Opposition lashes at “Government’s adventurism”

The decision to host the transit center was criticized both in Kyrgyzstan and abroad. Leader of the Kyrgyz opposition social-democratic party Bakyt Beshimov blamed the government for being inconsistent and changing its own decisions.

“We’ll return to the situation in the past when the US Air Force base was located in Manas; and others will only get a verbal agreement and a higher payment for the military presence. Since all the players of the large Central Asian region participate to some extent in the coalition forces operation in Afghanistan, Bishkek’s actions of pushing the US airbase out of Manas would look like an attempt of Kyrgyzstan to oppose this operation. We should also take into consideration that Kyrgyzstan is a large debtor to the International Monetary Fund and the American financial institutions, which is has seriously strengthened the position of the US under the conditions of the global financial crisis.”
Colonel-General Leonid Ivashov,
President of the Geopolitical Affairs Academy
(Interfax)

“The decision on transit of non-military cargo through Manas is yet another adventure of the Kyrgyz government, which demonstrates lack of tactics and constantly changes its decisions,” Interfax news agency cites him as saying.
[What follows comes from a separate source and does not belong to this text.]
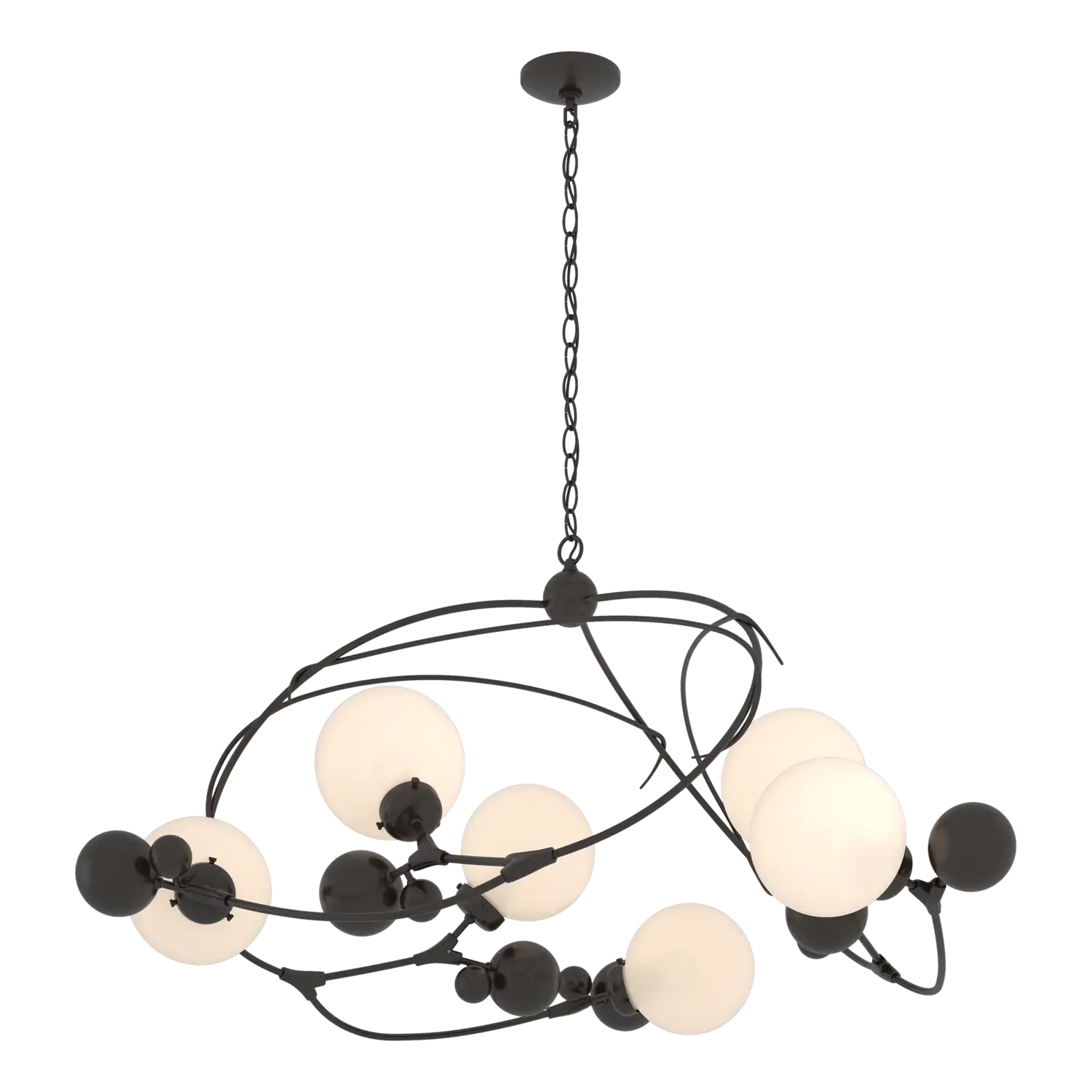 Hubbardton Forge, Sprig Circular Pendant, PENDANT LIGHT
Some Russian officials frustrated by the change of policy criticized the move too.

“Kyrgyzstan is similar to other countries of the post-Soviet space. They have a multiple-vector policy, in other words: they take wherever they are given. By its decision Kyrgyzstan has discredited itself as an ally of Russia, as Bishkek had already signed the treaty on the CSTO Rapid Response Forces,” Semen Bagdasarov, from the Russian parliamentary committee on international affairs told ITAR-TASS.

The Russian Foreign Ministry was more cautious when commenting on the news.

“Making such an agreement is certainly a sovereign right of the Kyrgyz Republic. As for transit of non-military cargo for NATO’s counterterrorist mission in Afghanistan, Russia and Kyrgyzstan’s other neighbours in the region agreed to such transit too,” said ministerial spokesman Andrey Nesterenko.

He added that the military base in Manas was announced to be irrevocably closed and that Russia took it for granted.

The news didn’t come out of thin air. Kyrgyz authorities have been sending contradictory signals about their position over the airbase, saying that “the doors are not closed” for the US to stay in some way in the country. Many experts on Central Asian politics speculated that Bishek was simply angling for more money and was not intending to close the base.

February’s announcement of the base closure came shortly after Russia provided Kyrgyzstan with a lucrative aid package and a loan totaling $450 million. It also agreed to invest $1.7 billion in a hydropower plant, which will produce electricity for Kyrgyz consumers. Many observers suggested that Moscow “bought” Bishkek’s agreement to evict Manas airbase, although both Russian and Kyrgyz officials denied the allegations.